Phagocytic Function of Macrophages Is Impaired By Chronic Lymphocytic Leukemia and high–grade Lymphoma Progression and Can be Highly Effectively Restored for Chemo-Immunotherapy

Macrophage polarity has recently been shown to play a pivotal role in progression and prognosis of human malignancies. In CLL the high dependence of the malignant cell to the tumor microenvironment has revealed macrophages as major mediators of leukemia cell survival. In contrast, macrophage activation also offers novel therapeutic strategies for leukemia cell targeting. Here we analyze the reciprocal relationship of leukemia cells and macrophages and the specific functional impact of phagocytosis in leukemia progression and therapy.

We employed the humanized hMB-Lymphoma and the Eµ-TCL1 CLL mouse model. Thioglycollate-induced macrophages, bone marrow derived murine macrophages and human monocyte derived macrophages were used for in vitroevaluation of phagocytosis either by bead based approaches or by ADCC.

Applying gene-expression profiling of macrophages in Eµ-TCL1 mice we could identify profound transcriptional alterations indicating a re-programming during leukemogenesis. Functional genomic analysis particularly revealed impaired phagocytic function induced during leukemia onset. In vivo and ex vivo phagocytosis assays of primary macrophages showed a significant reduced phagocytic activity during CLL progression. Human macrophages in co-culture with CLL cells in vitro compared to healthy B-cells similarly showed defects in phagocytosis. In the humanized leukemia model we similarly observed impaired phagocytosis resulting in resistance towards therapeutic antibody/macrophage mediated therapy. Resistance was actively induced by increasing leukemia cell infiltration in the bone marrow. Impaired macrophage function could be identified being mediated by secretory crosstalk such as release of PGE2 by leukemia cells and Cholecalciferol. We could restore phagocytic function by combination regimens involving therapeutic antibodies and chemotherapy. Specifically, an acute secretory activating phenotype (ASAP), releasing cytokines from leukemia cells induces macrophage infiltration and phagocytic activity in the bone marrow. Thus, malignant cells can be effectively targeted by modulation of macrophage polarization and function.

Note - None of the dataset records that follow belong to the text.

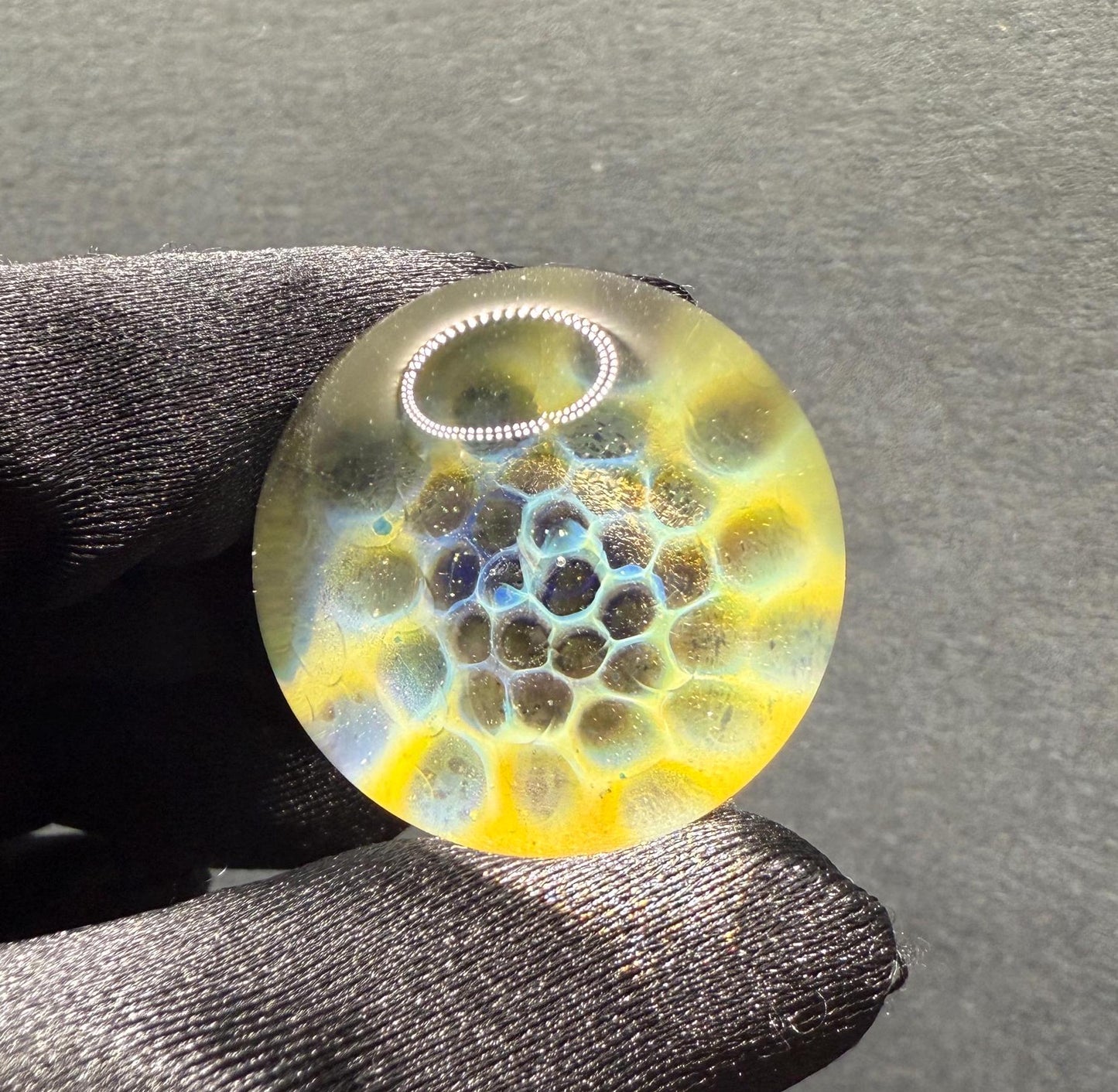 1.12 Inch Silver Fume Honeycomb Glass Marble || Handmade using Borosilicate Glass and Silver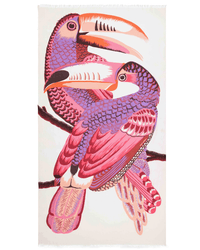 Two stylized toucans with vibrant pink, purple, and orange feathers perch on a branch against a white backdrop, their bold beaks echoing the graphic style of Inoui Editions' Scarf 100 Toucan in Pink.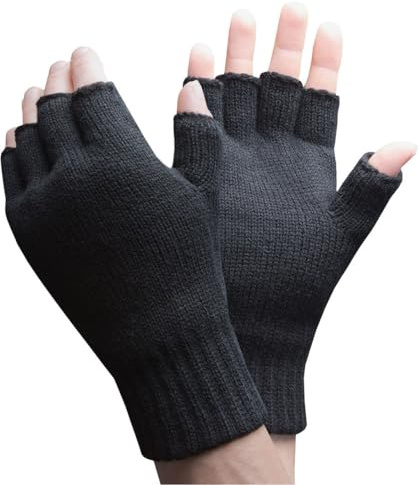 HEAT HOLDERS - Mens Winter Warm 2.3 TOG Fleece Lined Insulated Knit Thermal Fingerless Gloves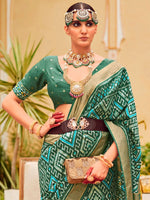 Saree Mall Women's Tussar  Sea Green Printed Designer Saree With Blouse Piece-SITARMN2001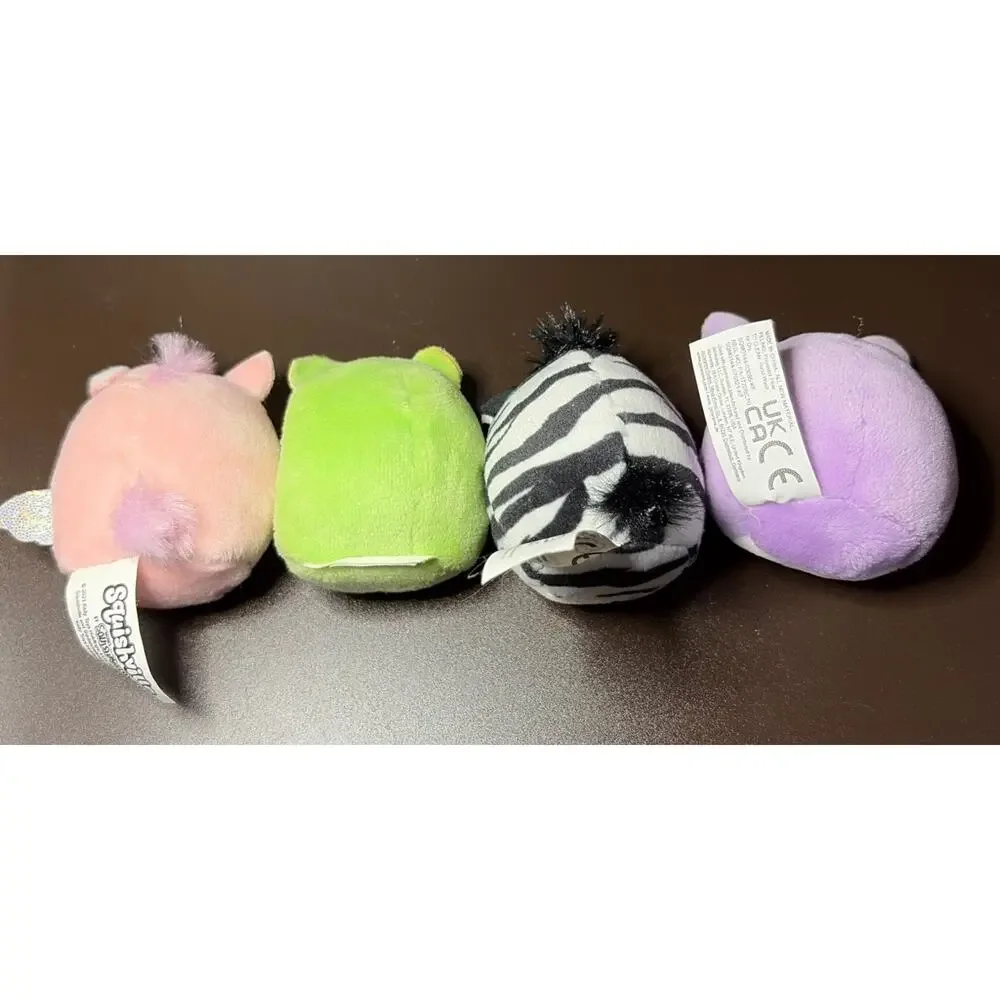 Squishmallows Squishville Zebra, Kangaroo, Pig, Frog. 2in Mini Plush (K)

In conclusion, we have identified decreased phagocytic activity of macrophages as key functional aspect in leukemia and lymphoma associated macrophages. Inversely, enhancing phagocytosis rendered essential for the re-sensitization of refractory niches treatment towards monoclonal antibodies defined by macrophage polarity. Overall macrophage function represents a key therapeutic target in CLL and other B-cell malignancies.